However, I prefer to think of it more as logic.
Can you gain some inkling how all of this is aimed squarely at the already Developed World.
This whole ‘Pricing Carbon’ – ETS debate harkens back to COP3 of the UNFCCC and their meeting in Kyoto, which gave us the Kyoto protocol as shown at these 2 links.
UNFCCC: http://en.wikipedia.org/wiki/United_Nations_Framework_Convention_on_Climate_Change
Kyoto Protocol: http://en.wikipedia.org/wiki/Kyoto_Protocol
When I started out, I wanted to concentrate on what adherence to Kyoto meant for the electricity generation sector.
The initial design of the Kyoto Protocol is what the whole problem has become NOW.
In it, they broke the World up into 2 Annexes, Developed and Developing, and in effect, the Haves and the Have Nots.

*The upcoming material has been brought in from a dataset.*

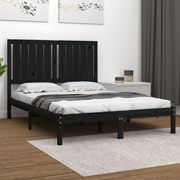 vidaXL Bedframe massief grenenhout zwart 120x200 cm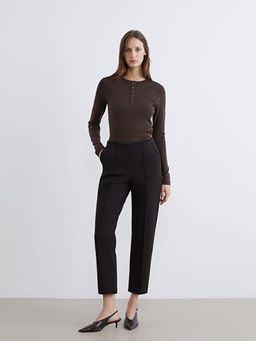 Bisiklet Yaka Fitilli Kad?n Ti??rt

Annex 1 was 41 Developed Countries, and Annex 2 culled from Annex 1, 23 Countries, and their obligation was to introduce that pricing mechanism for all emissions, CO2 just one among them, and the major target. Those 23 Countries also had to pay ALL the costs, not only in their own Country, but collectively for all the other Countries, all 154 of them, and those 154 Countries, well, their only obligation was to report their emissions. Full stop. Just Report.
I’ll repeat that those 23 Countries had to pay all costs for those other 154, eg costs to implement measures to lower emissions, and all costs and technologies to enable their move to low emission power industrialisation etc.
Great intent at the time Kyoto was brought in, 1997.
Kyoto’s intent was for it to be replaced by 2012.
Scroll forward to Copenhagen and Cancun, and the abject failure of both.
The problem was that Kyoto was an existing LEGAL document, the only one they had, and NOW, why would any one of those Countries want to change that.
By now, those 23 Countries saw what all this was going to mean, and to cost, and they desperately wanted it changed to include China, now the biggest emitter, and India, and the rest of the Third World.
Those 154 Countries did not want it changed because that would be extremely disadvantageous to them, and why would they want to change when ALL their costs were to be met by those 23 Countries, and all they had to do was report.
Hence Copenhagen and Cancun failed.
Now we have what is being cobbled together as Kyoto 2, and Countries (in the group of 23) are starting to say they won’t be part of it.
Only 1 Country, the U.S. is th only Country not to add that all important second signature, ratifying Kyoto, something Rudd did with a flourish after he was elected.
So, while the U.S. is the only Country not subject to Kyoto, they are the biggest target, obviously, because the perception is that they have the only economy able to support ALL the rest.
Hence, now the IPCC is desperately trying to reinforce the UNFCCC with what it is releasing.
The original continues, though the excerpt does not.